┌──

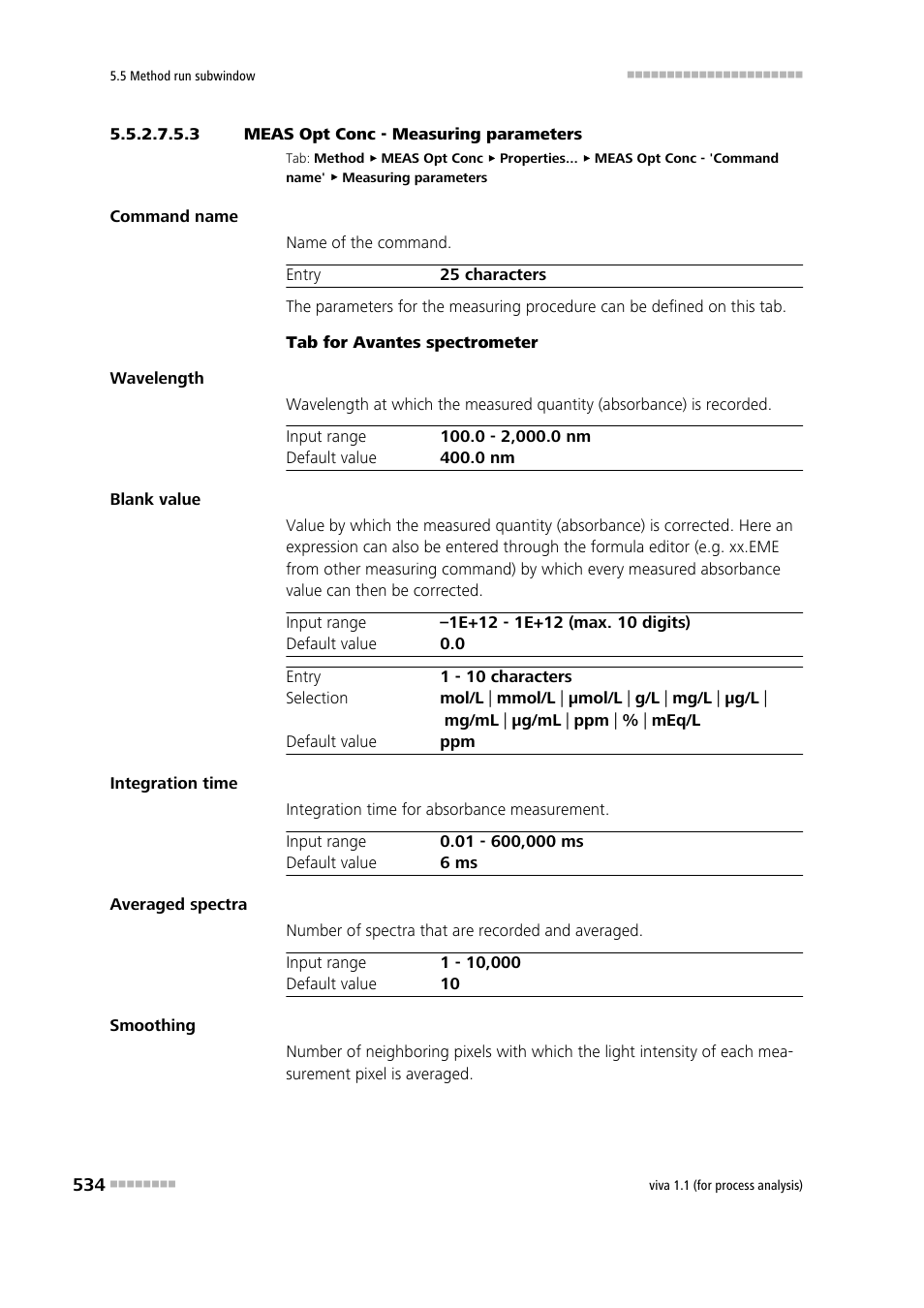 3 meas opt conc - measuring parameters | Metrohm viva 1.1 (ProLab) User Manual | Page 546 / 1085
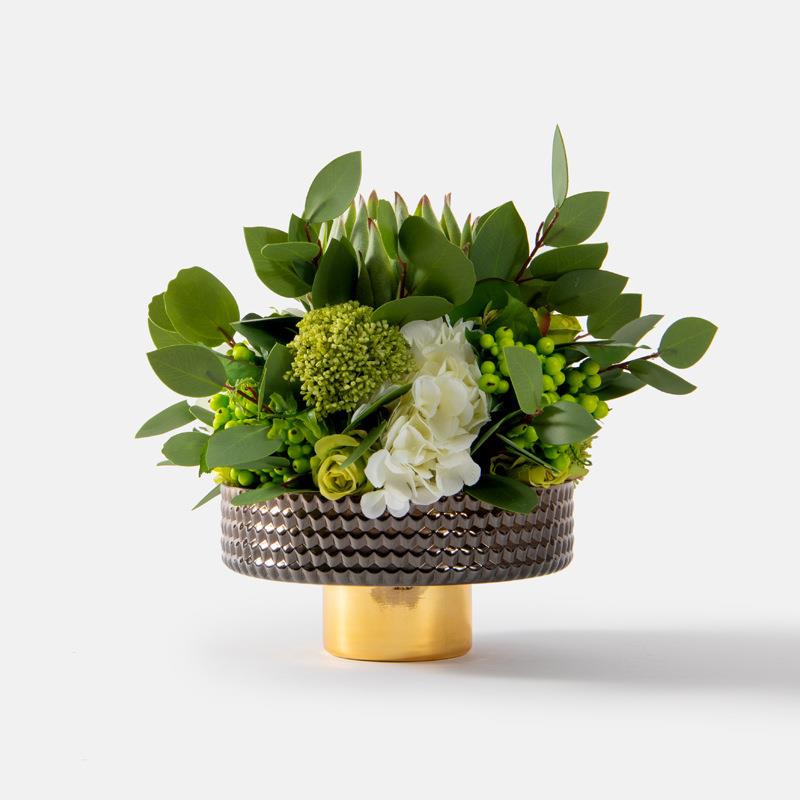 左顾时尚仿真花套装花盆假花整体花艺客厅餐桌花卧室样板间摆件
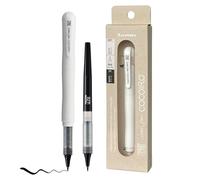 Kuretake Zig Letter Pen COCOIRO Refill Set, Body color WHITE and Refill nero, Refillable Marking Pen, with Flexible ExtraFine Brush Tip, Made in Japan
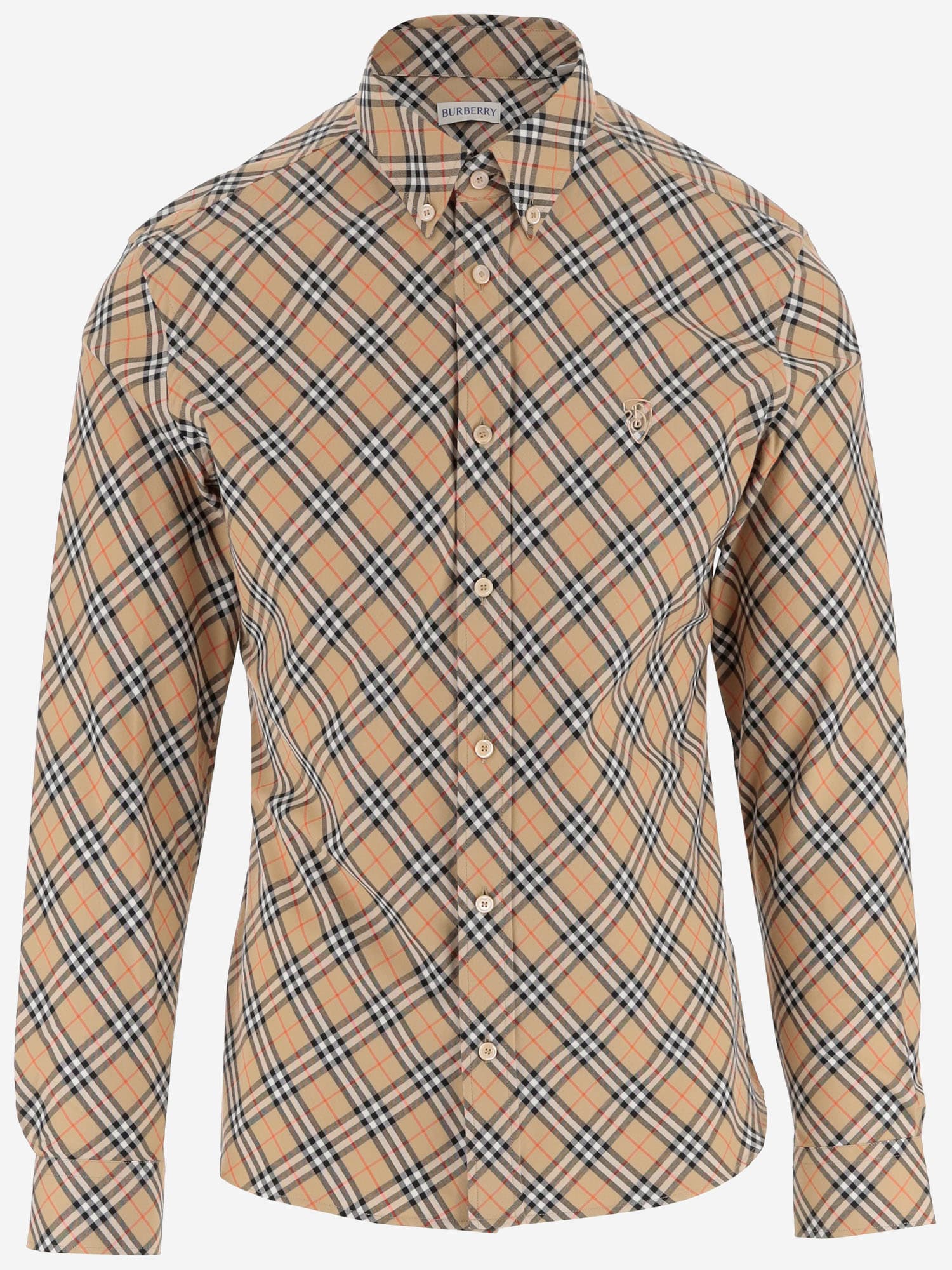 Shop Burberry Cotton Check Shirt In Red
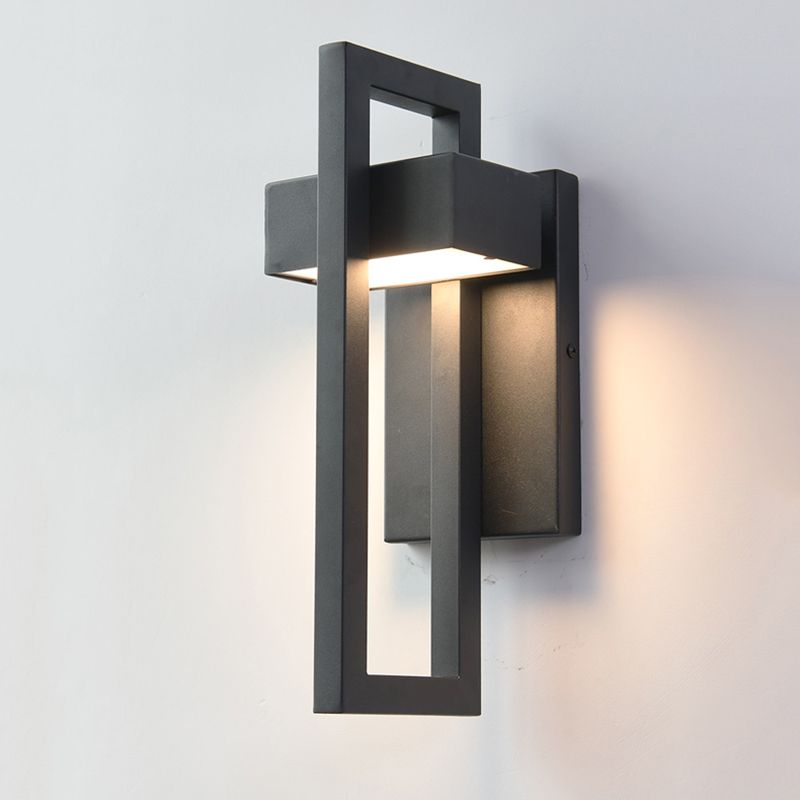 Minimalism Black Wall Light Sconces Metal Outdoor 1-Light Wall Mount Lamp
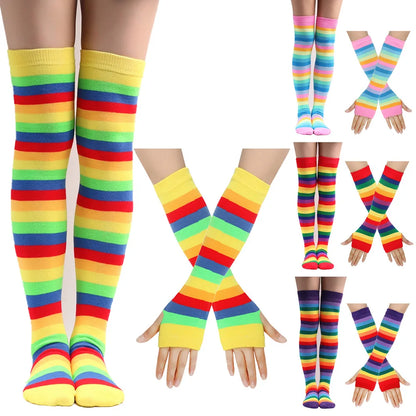 Rainbow Gloves & Stockings Set in yellow multi-color, playful DDLG/ABDL kawaii cutecore look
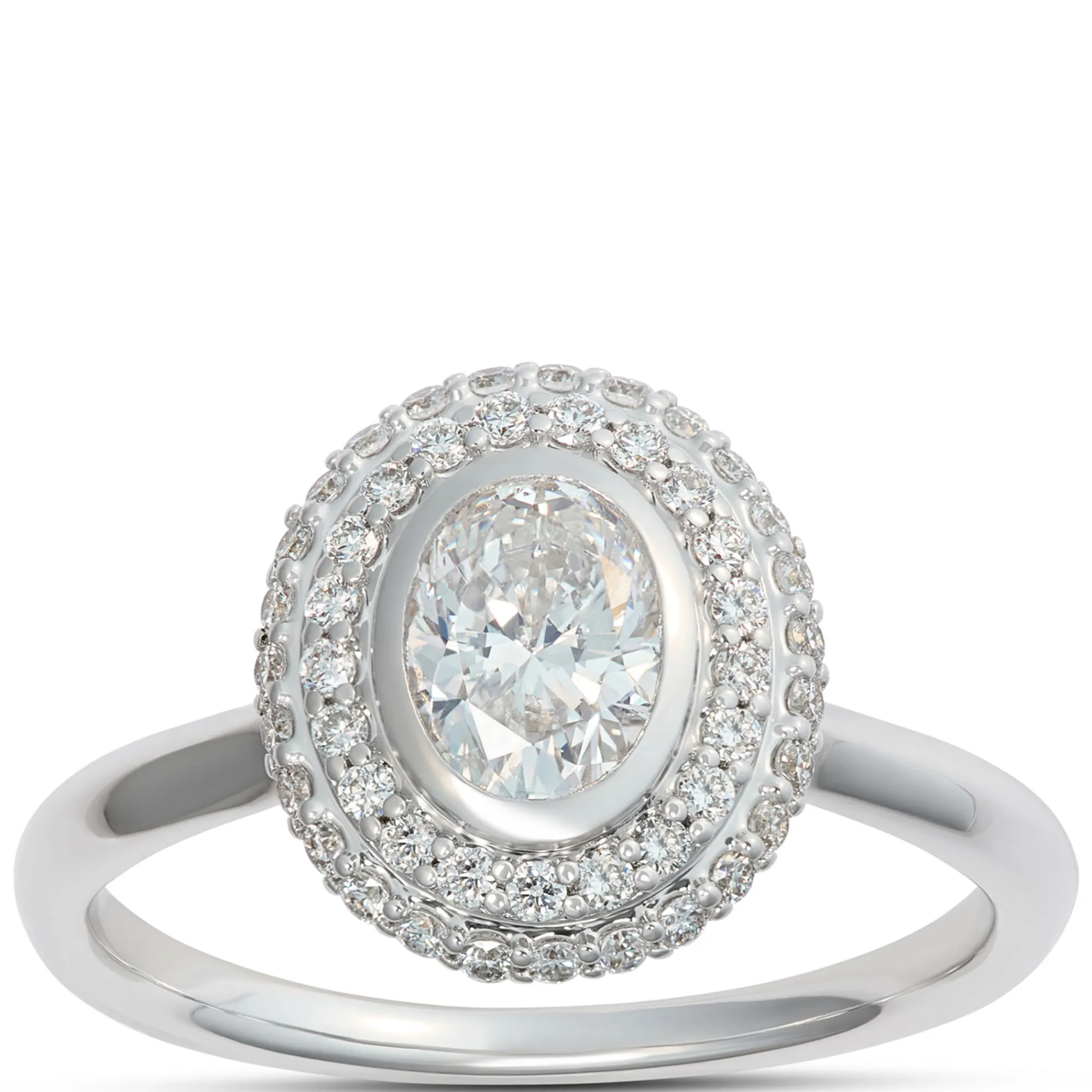 Oval Diamond Engagement Ring with Double Halo, 14K White Gold Sale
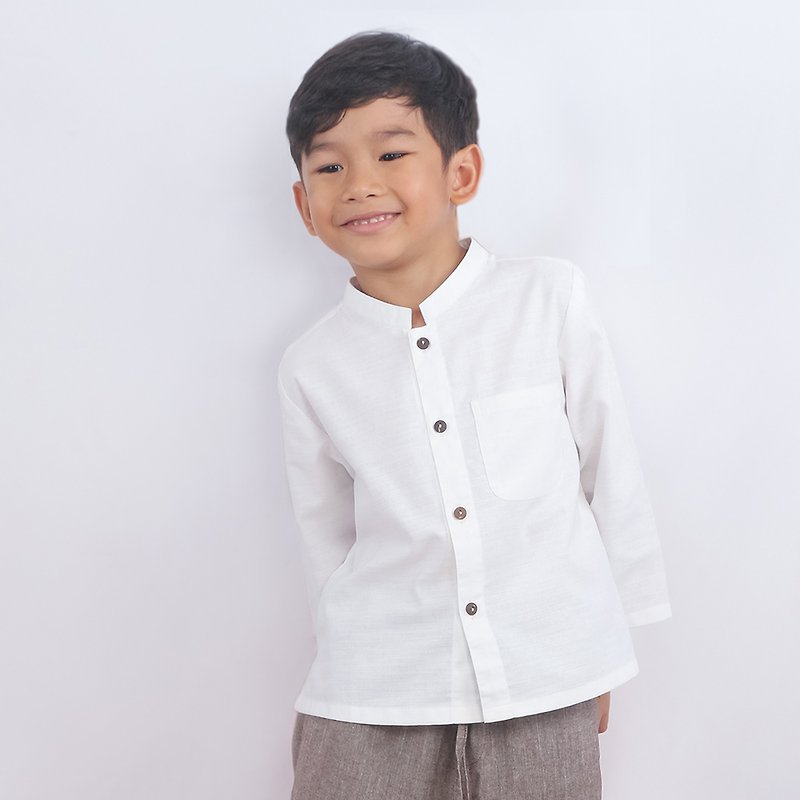 棉．麻 男/女童裝 白色 - Kids Cotton Top, Mandarin Collar Shirt, Long Sleeve, White, Jackie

└──

Problem description » "Minimalism Black Wall" marks the first line to be returned; return exactly that line and every line after it through the last line of the listing, omitting pictures.

Solution for this problem »
 Minimalism Black Wall Light Sconces Metal Outdoor 1-Light Wall Mount Lamp
 Rainbow Gloves & Stockings Set in yellow multi-color, playful DDLG/ABDL kawaii cutecore look
 Oval Diamond Engagement Ring with Double Halo, 14K White Gold Sale
 棉．麻 男/女童裝 白色 - Kids Cotton Top, Mandarin Collar Shirt, Long Sleeve, White, Jackie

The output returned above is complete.